As businesses grow and really start to accelerate, the goal, truly the only goal for the founder, is to keep the talent and capital flowing. There are certainly myriad other things that need to happen, but they are all downstream. A great product is a necessity, for example, but if you build a great team, then they will build a great product. You get a great team by being the kind of founder that can articulate a vision and raise capital. You raise capital by building a great team and articulating a vision for success.

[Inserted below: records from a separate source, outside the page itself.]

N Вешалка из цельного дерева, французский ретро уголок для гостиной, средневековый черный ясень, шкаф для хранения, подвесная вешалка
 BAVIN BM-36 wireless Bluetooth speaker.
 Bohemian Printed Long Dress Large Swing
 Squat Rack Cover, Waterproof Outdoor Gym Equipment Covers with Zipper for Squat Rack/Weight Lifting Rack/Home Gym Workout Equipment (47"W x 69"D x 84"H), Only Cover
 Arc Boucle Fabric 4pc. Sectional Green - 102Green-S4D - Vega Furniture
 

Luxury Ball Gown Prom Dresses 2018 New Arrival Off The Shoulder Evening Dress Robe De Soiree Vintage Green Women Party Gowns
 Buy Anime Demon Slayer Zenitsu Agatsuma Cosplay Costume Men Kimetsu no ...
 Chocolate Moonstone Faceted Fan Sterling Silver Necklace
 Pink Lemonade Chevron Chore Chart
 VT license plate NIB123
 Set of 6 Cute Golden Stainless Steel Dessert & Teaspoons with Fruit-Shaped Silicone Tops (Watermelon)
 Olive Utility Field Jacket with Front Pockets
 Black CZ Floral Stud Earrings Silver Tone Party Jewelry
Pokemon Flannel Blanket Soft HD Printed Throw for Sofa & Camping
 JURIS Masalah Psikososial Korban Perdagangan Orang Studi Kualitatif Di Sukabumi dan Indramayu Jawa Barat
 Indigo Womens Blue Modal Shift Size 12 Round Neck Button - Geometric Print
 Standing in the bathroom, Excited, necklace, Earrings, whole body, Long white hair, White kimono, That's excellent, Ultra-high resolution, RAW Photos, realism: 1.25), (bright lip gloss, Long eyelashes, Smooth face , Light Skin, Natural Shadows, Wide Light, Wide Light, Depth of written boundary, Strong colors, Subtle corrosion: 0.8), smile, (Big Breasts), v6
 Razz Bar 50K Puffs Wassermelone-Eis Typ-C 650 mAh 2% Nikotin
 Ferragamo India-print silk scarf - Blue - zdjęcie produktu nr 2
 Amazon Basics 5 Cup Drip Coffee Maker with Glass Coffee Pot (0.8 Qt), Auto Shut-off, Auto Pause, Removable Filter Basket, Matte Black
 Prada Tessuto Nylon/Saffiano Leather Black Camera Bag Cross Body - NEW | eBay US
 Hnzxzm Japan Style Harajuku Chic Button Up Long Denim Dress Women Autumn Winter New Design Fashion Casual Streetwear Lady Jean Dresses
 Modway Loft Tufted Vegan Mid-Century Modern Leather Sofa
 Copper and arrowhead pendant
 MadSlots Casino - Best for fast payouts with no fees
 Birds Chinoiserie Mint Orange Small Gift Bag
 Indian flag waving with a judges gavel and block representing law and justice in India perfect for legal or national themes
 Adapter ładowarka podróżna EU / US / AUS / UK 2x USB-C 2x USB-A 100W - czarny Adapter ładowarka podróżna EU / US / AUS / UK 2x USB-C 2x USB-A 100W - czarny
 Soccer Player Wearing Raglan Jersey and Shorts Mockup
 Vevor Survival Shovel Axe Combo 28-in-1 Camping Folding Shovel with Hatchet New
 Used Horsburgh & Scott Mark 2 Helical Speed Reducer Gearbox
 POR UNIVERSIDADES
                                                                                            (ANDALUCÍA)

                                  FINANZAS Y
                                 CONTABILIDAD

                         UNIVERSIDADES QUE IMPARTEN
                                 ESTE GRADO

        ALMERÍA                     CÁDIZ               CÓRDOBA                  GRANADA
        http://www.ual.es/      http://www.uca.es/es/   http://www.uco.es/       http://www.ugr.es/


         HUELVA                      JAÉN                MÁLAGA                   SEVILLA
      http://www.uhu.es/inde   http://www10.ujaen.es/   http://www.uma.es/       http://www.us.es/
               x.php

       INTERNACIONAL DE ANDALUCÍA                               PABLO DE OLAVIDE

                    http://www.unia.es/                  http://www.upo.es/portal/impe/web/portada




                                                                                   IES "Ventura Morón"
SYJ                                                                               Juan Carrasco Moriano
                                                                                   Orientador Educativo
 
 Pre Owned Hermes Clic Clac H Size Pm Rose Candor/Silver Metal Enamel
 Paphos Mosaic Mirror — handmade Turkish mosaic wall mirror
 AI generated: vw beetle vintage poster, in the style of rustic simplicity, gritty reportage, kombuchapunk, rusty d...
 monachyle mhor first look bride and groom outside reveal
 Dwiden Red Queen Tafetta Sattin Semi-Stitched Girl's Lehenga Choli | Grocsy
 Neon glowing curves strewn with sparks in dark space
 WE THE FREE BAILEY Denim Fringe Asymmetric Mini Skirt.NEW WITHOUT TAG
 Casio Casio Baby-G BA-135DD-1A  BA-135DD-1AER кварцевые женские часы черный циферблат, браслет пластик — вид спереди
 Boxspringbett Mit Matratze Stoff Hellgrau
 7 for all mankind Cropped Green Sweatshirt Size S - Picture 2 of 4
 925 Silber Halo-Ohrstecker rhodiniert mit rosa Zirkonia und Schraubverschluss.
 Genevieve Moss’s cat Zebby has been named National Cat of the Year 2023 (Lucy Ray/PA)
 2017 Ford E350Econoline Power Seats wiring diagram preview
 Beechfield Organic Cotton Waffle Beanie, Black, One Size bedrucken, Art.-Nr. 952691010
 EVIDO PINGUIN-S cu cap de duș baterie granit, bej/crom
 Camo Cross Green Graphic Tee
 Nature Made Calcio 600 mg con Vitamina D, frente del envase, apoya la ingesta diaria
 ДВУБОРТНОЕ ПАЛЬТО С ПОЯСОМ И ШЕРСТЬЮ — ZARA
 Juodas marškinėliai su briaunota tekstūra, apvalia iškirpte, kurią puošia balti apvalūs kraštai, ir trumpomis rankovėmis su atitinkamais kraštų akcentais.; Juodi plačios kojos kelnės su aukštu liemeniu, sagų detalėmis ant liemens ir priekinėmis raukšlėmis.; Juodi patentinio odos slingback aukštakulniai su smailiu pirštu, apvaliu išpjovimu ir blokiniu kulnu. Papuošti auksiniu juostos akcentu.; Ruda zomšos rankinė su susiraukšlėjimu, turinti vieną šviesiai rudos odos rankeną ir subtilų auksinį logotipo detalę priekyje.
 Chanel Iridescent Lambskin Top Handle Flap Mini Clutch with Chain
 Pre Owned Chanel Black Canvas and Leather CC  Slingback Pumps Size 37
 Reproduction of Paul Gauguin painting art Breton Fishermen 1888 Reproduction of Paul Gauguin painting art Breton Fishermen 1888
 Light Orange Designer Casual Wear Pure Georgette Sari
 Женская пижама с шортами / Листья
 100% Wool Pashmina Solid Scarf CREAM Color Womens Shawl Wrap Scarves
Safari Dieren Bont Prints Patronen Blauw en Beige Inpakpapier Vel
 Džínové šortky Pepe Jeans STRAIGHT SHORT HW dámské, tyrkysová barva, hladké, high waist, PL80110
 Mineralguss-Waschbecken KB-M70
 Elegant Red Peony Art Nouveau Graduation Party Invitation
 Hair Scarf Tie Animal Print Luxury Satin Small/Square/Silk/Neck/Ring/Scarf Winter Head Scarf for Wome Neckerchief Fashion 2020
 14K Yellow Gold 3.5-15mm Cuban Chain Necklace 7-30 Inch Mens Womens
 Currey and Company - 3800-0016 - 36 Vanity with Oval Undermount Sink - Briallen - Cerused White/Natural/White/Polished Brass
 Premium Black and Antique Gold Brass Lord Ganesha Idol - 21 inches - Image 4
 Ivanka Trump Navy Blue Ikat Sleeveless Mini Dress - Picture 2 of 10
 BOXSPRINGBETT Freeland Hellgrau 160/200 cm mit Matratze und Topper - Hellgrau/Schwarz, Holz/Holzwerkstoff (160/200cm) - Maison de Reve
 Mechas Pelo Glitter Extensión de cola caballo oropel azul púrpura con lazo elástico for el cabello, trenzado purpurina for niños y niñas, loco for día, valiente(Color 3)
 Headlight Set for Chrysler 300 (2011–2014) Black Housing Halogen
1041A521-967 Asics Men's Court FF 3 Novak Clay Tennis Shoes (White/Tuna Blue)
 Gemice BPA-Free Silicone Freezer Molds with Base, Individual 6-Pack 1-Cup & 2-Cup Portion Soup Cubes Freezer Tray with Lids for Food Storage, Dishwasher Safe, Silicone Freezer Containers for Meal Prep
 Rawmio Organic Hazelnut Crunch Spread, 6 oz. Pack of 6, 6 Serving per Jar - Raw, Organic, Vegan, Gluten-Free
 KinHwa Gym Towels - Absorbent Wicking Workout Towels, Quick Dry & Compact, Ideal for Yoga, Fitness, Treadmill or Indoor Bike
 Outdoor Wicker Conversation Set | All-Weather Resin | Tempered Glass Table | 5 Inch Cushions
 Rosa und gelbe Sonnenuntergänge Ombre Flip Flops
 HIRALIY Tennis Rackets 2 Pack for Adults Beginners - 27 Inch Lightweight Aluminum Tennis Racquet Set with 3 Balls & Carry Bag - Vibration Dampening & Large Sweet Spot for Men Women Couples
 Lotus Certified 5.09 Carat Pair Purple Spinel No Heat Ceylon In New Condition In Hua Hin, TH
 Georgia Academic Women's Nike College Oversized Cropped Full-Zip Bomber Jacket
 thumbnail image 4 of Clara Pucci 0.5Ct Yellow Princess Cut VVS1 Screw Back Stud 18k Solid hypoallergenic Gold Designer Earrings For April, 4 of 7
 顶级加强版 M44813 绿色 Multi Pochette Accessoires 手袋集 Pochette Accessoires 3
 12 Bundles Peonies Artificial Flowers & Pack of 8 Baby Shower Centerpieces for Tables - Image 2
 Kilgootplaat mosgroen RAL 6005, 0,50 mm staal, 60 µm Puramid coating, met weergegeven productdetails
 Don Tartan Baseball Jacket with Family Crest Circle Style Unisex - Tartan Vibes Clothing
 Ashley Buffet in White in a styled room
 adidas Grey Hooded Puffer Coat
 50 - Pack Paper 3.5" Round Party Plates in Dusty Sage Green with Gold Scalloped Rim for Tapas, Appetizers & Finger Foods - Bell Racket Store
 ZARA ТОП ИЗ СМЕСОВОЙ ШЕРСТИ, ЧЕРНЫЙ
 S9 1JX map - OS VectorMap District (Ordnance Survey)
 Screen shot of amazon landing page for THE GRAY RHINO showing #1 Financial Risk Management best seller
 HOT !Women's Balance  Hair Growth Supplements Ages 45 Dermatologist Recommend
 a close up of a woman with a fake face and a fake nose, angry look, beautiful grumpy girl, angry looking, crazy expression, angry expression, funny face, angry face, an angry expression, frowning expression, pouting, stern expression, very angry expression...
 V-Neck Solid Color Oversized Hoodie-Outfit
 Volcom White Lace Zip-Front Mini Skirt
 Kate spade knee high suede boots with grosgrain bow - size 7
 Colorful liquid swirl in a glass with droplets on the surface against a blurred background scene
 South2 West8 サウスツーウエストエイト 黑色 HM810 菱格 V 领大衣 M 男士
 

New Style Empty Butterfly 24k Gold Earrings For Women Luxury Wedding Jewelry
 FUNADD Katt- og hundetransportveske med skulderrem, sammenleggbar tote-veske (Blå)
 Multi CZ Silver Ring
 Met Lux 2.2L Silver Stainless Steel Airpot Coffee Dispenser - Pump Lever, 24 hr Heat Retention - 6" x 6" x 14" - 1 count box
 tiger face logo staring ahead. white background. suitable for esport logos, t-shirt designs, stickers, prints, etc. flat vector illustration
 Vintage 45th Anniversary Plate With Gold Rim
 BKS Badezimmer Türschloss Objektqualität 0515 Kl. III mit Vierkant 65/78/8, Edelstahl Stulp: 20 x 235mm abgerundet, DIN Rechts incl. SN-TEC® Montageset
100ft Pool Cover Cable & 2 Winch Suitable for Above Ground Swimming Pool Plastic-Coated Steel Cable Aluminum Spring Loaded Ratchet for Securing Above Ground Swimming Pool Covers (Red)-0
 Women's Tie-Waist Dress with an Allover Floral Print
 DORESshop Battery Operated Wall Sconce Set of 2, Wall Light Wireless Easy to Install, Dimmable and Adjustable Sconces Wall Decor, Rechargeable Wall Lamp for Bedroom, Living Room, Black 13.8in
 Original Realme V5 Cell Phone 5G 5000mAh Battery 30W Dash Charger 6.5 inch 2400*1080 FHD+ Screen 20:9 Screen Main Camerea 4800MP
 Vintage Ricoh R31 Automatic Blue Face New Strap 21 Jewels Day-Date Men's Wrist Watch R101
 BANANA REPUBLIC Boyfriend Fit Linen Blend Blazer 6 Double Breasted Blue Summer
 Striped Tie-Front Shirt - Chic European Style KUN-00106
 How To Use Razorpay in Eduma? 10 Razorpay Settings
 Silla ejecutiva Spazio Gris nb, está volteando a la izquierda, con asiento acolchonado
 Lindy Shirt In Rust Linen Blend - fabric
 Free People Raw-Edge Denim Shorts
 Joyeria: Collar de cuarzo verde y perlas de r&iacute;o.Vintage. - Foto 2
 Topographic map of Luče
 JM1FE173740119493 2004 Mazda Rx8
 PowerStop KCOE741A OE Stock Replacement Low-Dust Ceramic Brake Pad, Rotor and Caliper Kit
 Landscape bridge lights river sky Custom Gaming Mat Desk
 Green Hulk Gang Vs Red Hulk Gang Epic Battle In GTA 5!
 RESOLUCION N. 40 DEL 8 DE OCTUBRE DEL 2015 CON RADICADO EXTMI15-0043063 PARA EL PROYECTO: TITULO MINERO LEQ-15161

There is another risk of losing focus: undermining your team. It is subtle but actually more damaging to the company. It is often shocking to founders how far their voice travels in their companies. I never really thought of myself as “the CEO”; I was just me and my cofounder, trying to build a scrappy little startup with a group of like-minded people. To our team, though, my cofounder and I were the bosses. If we made a comment—even a minor, superficial observation about the shading in a dialog—the team very often prioritized addressing it over far more important things. Looking back, pointless work ended up being done because we lost focus and communicated too casually.
In most organizations, the people closest to the work tend to know best what needs to be done. There’s a reason “micromanaging” is a derisive term. Almost everything you say can be interpreted as some kind of request or demand of your team, even if you personally see it as a triviality.
None of this means that you can’t engage with certain aspects of the business or provide product feedback, but it is critical to do so in the context of these broad “CEO jobs.” Does the product violate the company’s vision? Is it user-hostile? Does it impede the values of the company? Then absolutely push back and constructively criticize the team. If the border color looks slightly off, though, that’s probably something for your design team to handle.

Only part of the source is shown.